▶ _PROVIDED DATA_

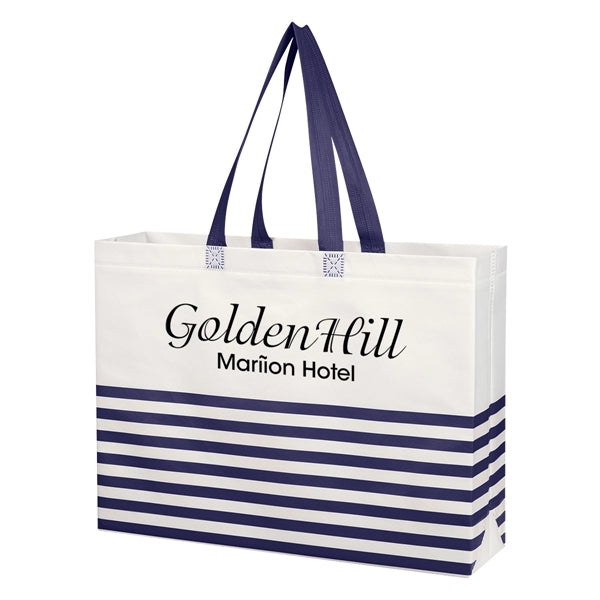 Non-Woven Horizontal Stripe Tote Bag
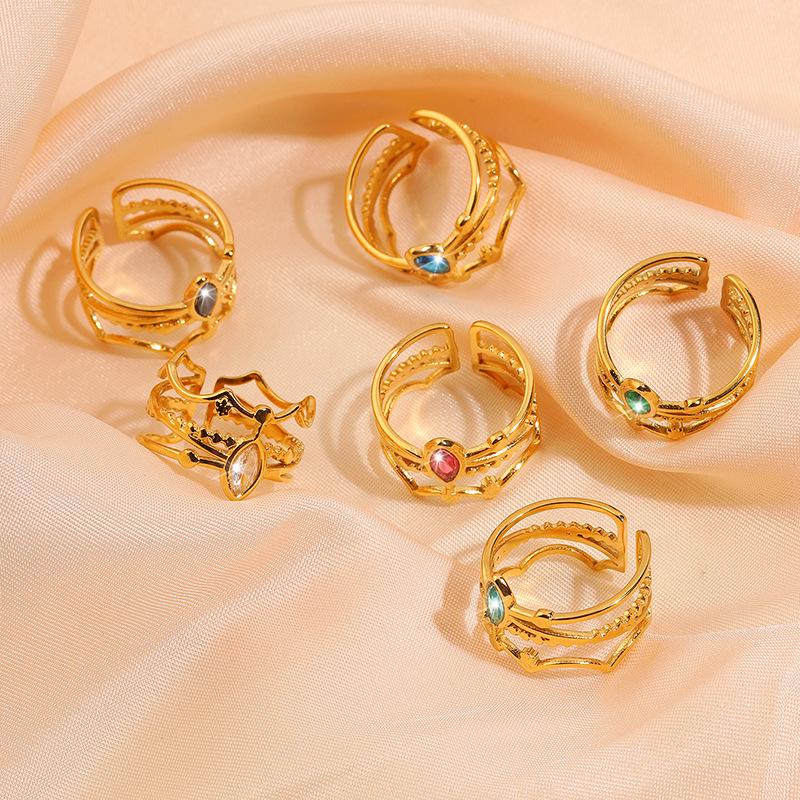 Light Luxury High-end Crown Colored Zircon Ring Does Not Fade Xiyin Hot-selling Couple Ring Jewelry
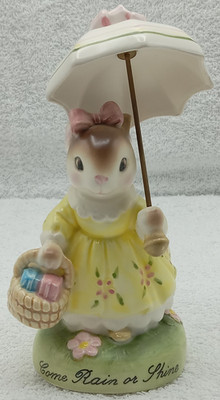 Avon Cherished Moments Collection Come Rain or Shine Ceramic Bunny Figurine Vtg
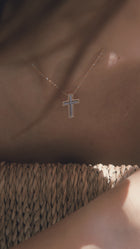 Βαπτιστικός Σταυρός για Κορίτσι MCS073 Χρυσός 14K Διπλής Όψεως με Ζιργκόν & Λευκόχρυσο Σχέδιο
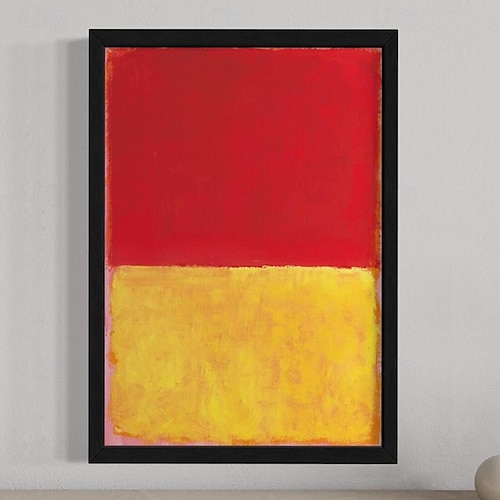  dipinto a mano mark rothko riproduzione artistica su tela rothko wall art abstract canvas wall art rosso e giallo mix pittura astratta minimalismo arte pittura decorazioni per la casa cornice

▶ _TASK ITEM_
Copy the data character for character, but drop all pictures from the copy.

▶ _RESPONSE TO THE TASK_
 Non-Woven Horizontal Stripe Tote Bag
 Light Luxury High-end Crown Colored Zircon Ring Does Not Fade Xiyin Hot-selling Couple Ring Jewelry
 Avon Cherished Moments Collection Come Rain or Shine Ceramic Bunny Figurine Vtg
 Βαπτιστικός Σταυρός για Κορίτσι MCS073 Χρυσός 14K Διπλής Όψεως με Ζιργκόν & Λευκόχρυσο Σχέδιο
  dipinto a mano mark rothko riproduzione artistica su tela rothko wall art abstract canvas wall art rosso e giallo mix pittura astratta minimalismo arte pittura decorazioni per la casa cornice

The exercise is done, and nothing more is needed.